The evidence showed prior to the conveyance appellant consulted with his lawyer, a reputable member of this bar, who requested that he might see said Peek before he would advise the conveyance, and, after satisfying himself that J. C. Peek, deceased, had the mental capacity sufficient to contract, this deed was then duly executed, and not before; but that issue was sharply controverted. There was much testimony introduced by both sides as to the mental capacity of said Peek and as to the influence supposed to have been exercised by appellant to secure the deed. As it was all before the jury without objection and sufficient to sustain their finding that he did not have such capacity, it is not necessary to set it out further in detail, but sufficient to say there was ample evidence to show that he was in a condition of senile dementia at the time he made the contract, and unable to comprehend sufficiently the consequences of his act. Black on Rescission and Cancellation, vol. 1, §§ 257 to 263, inclusive.

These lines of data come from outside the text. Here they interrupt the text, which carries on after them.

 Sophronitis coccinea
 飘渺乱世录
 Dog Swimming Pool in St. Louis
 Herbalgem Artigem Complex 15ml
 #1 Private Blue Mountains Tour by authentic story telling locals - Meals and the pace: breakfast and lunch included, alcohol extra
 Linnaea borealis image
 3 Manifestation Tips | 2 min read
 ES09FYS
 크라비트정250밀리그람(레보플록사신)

We do not think there was any error of the court in submitting the first issue as to whether J. G. Peek had the mental capacity to comprehend the nature and effect of the act, or to submit the other issue of undue influence at the same time. We do not believe that the jury were misled thereby, or that the finding is contradictory. At any rate, there was ample testimony to support their finding, in response to the first issue, that he did not have the mental power to comprehend the nature of his act.

We can see no harm done in this case in submitting the second question. The court may have thought, in view of the appellant’s testimony, the jury could find he had mental capacity enough to know what he was doing, yet may have been unduly influenced too.

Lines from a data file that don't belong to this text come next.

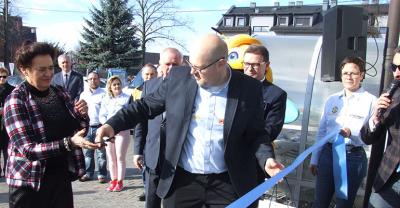 Pszczółka w Krotoszynie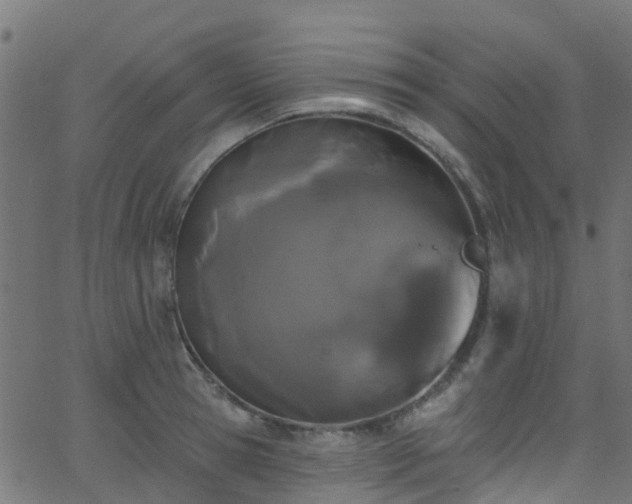 X0000068770945200605011023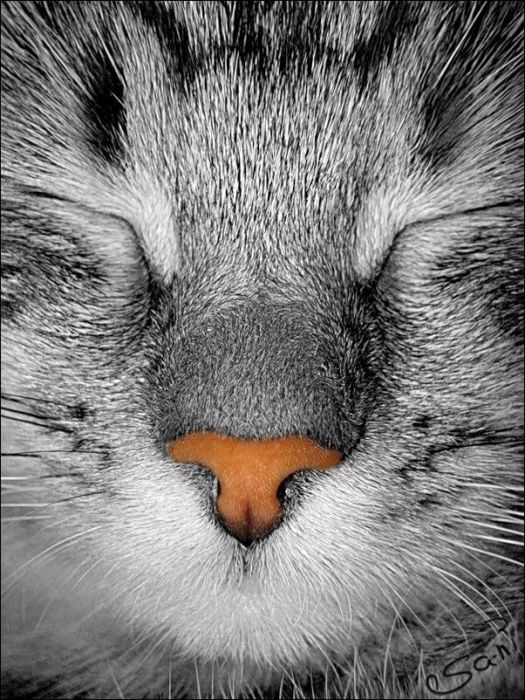 100 Cat Photos (135 pics)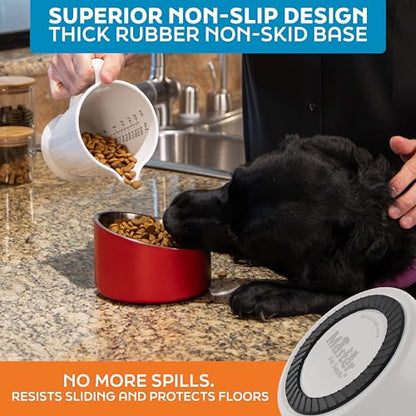 Master Pet Supply Stainless Steel Slanted Dog Cat Food Bowl - 16 oz Heavy Duty - Bone White, Double Wall Insulated, Non-Slip Elevated Bowl for French Bulldogs Pugs Cats, Anti Rust Dishwasher Safe - color: Bone White, size: 2 Cups (16 oz)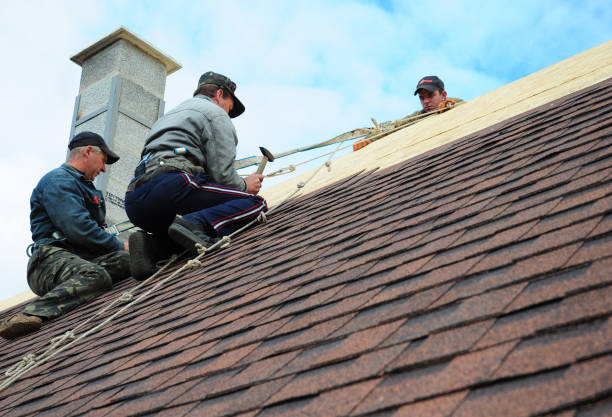 Best Roof Maintenance Services  in Sebring, OH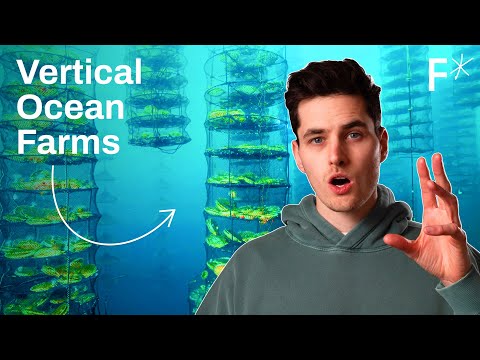 DIY regenerative ocean farms: The future of food and fuel? | Future Explored by Freethink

Therefore, when the jury answered he did not have the mental capacity, the answer to -the second question was rendered immaterial and harmless.

While true, as said in Indiana Co-op. Co. v. Gray, 184 S. W. 242, it would be error for trial court to enter a judgment on contradictory findings that could not be reconciled and thereby harmful, we cannot see such a contradictory finding here that has that effect. That and the case of Scott v. Townsend, 106 Tex. 322, 166 S. W. 1138, seem to be relied upon to establish appellants’ proposition. In the Scott Case the court is discussing a will contest case, and is not in point. It is true, whether to make a valid will or valid conveyance, there must be sufficient mental power to know and comprehend the nature of the act or transaction. That power implies some mental capacity, and when the ground to set aside a will, or deed, is predicated solely upon undue influence, it presupposes the existence of a strength of mind capable to act for itself, if let alone. In this case the right to cancel is based upon either ground, and the testimony is conflicting upon both. This case presents one in which the mind is incapable to contract, as well as to also suggest there was undue influence exercised even though it was upon an incapable mind. The result is the same.

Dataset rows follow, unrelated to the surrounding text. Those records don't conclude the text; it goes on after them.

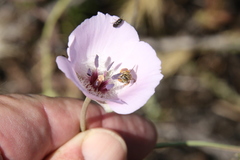 Anthophorula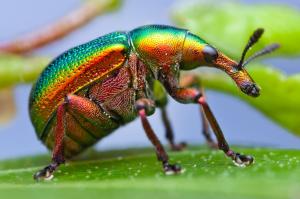 Insect Beetle wallpaper thumb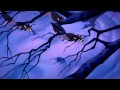 Beauty And The Beast The West Wing Wolves Hebrew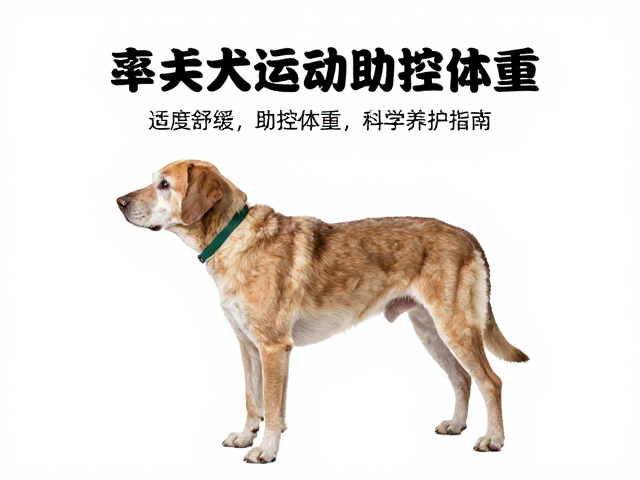 老年犬运动量标准,适度舒缓助控体重,科学养护指南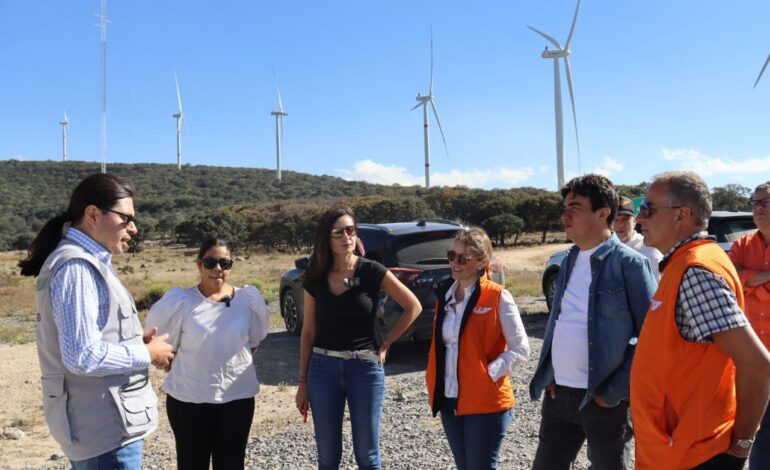 Llama Laura Ballesteros al Gobierno federal a trazar ruta de transición urgente hacia las energías limpias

It may be the court, in submitting the first issue, should have instructed the jury not to answer the second, if the first was answered in the affirmative — as wholly unnecessary. *213So, in this case, the finding of the first issue in the affirmative rendered a finding in the second harmless and unnecessary, but not error. If he did not have the mental capacity to make the contract, or, in other words, to understand the “nature and effect of such act,1’ we need go no further with the discussion of undue influence with reference to this case, but lay that issue out of sight. In the ease of Gibson v. Fifer, 21 Tex. 264, the suit was predicated both on mental weakness and undue influence, and the deed was set aside. See, also, Black, supra, §§ 262, 263. These eases are authority for the consideration of both issues.

There were no objections made, or bills of exception taken and filed to the court’s charge, or any • special issue requested by appellant for submission of any defense whatever. We have examined and considered separately each and every one of the assignments as they were separately presented, and find no reversible error assigned; and they are each overruled, and the judgment of the court is affirmed.